Outre des affiches de grands formats et des affichettes, ce fonds comprend également des tracts électoraux, des programmes de partis, des documents de propagande, des brochures ou des invitations à des meetings, des conférences et des manifestations. Plusieurs de ces archives ont été numérisées et sont consultables à partir du catalogue en ligne du musée. Mais il reste toutefois un important travail d’inventaire à réaliser pour que ce fonds puisse être mis en valeur de manière optimale.
Depuis plusieurs années, la constitution d’un « fonds précieux » a permis de rassembler en un même lieu les documents les plus fragiles ou ceux de grande valeur d’un point de vue artistique ou historique. Ces archives précieuses sont constituées de dessins, de croquis, d’estampes, de gravures, de lithographies originales d’artistes tels qu’Armand Rassenfosse, Auguste Donnay, Paul Daxhelet, Pauline Jamar, Jean Müller ou des membres de la famille van Marcke. On y recense également des projets d’affiches, de programmes et de menus élaborés pour des manifestations particulières, des manuscrits ou tout document rare nécessitant une conservation particulière.

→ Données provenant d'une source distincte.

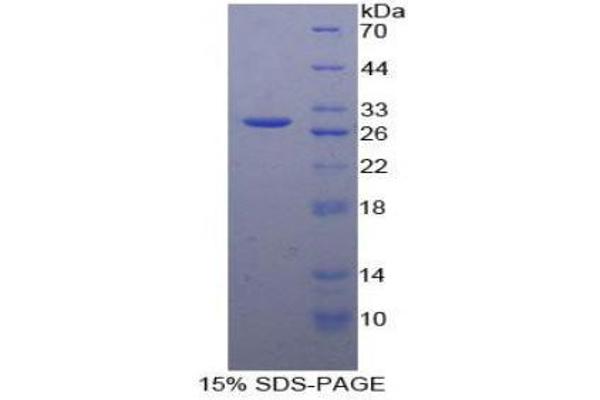 GFP Protein (AA 1-238) (His tag)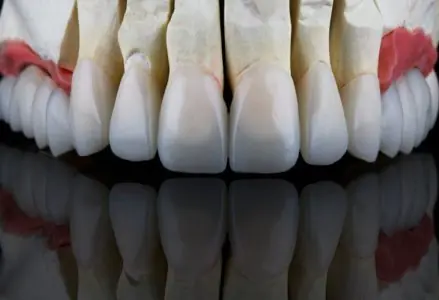 نموذج قشور وتيجان الأسنان في Dr. Han Dental Lounge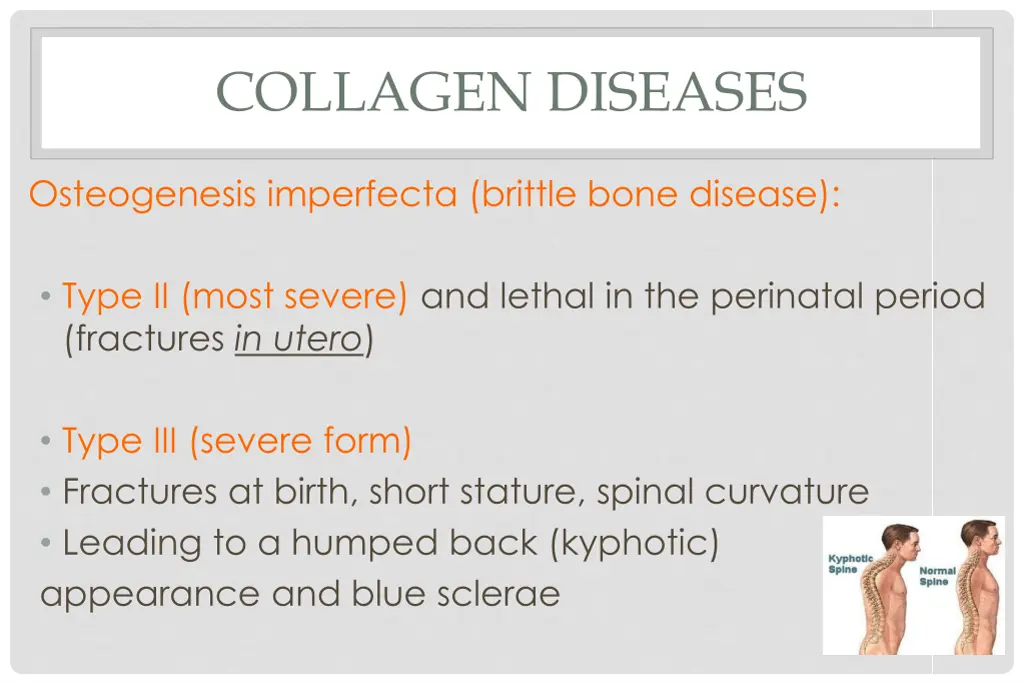 collagen diseases 3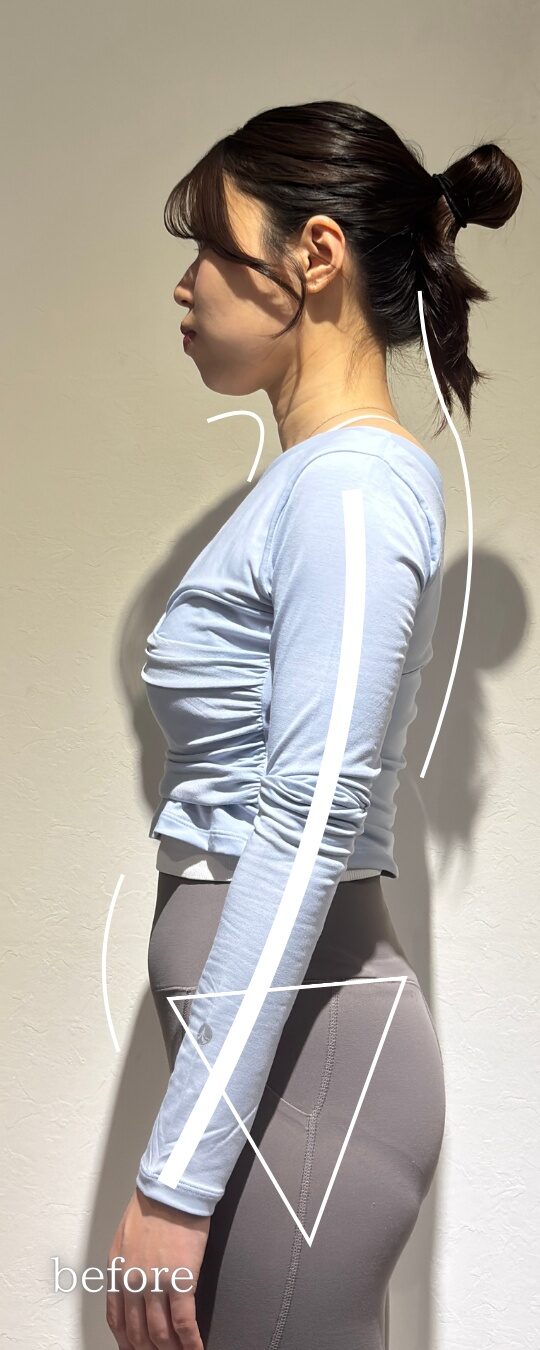 肩こりと猫背に悩んでいた30代デスクワーカーのビフォー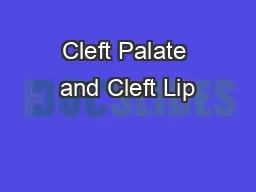 Cleft Palate and Cleft Lip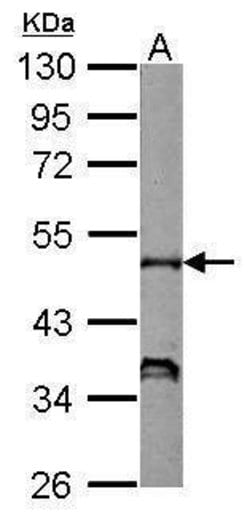 Invitrogen p47phox Polyclonal Antibody 100 &mu;L; Unconjugated:Antibodies,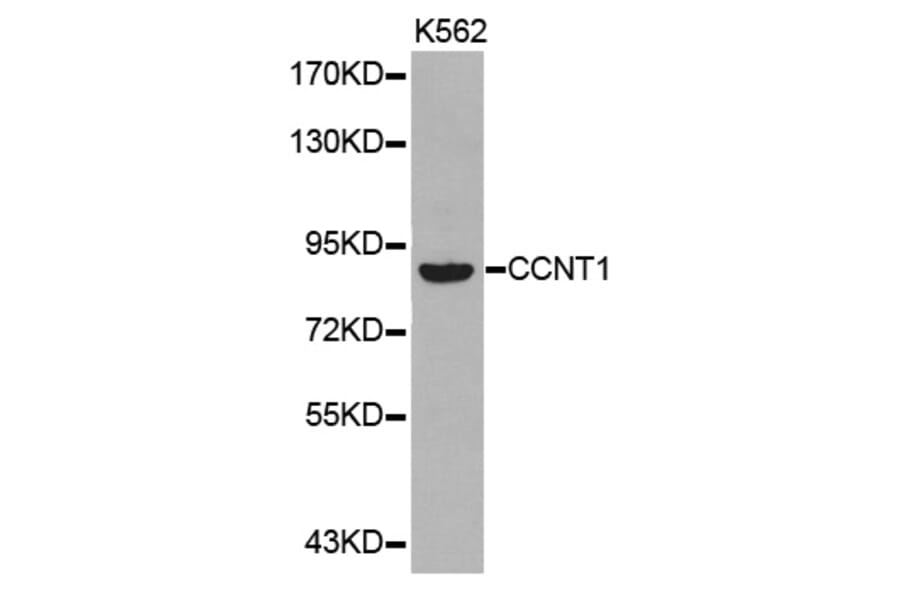 Western blot - CCNT1 antibody from Signalway Antibody (38347) - Antibodies.com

Il y a quelques années, à l’occasion des commémorations organisées pour le centenaire du début de la Première Guerre mondiale, la Province de Liège a acquis un important lot de caricatures en couleurs réalisées par Albert Tahon. Cet avocat liégeois a, au travers de ses dessins, voulu rendre compte des événements tragiques liés à l’invasion du territoire ainsi que des difficultés rencontrées par les Liégeois dans leur vie quotidienne. Ces œuvres, par leur réalisme, leurs qualités esthétiques et les thématiques qu’elles abordent, présentent un intérêt certain pour qui s’intéresse à l’impact de ces événements sur les populations.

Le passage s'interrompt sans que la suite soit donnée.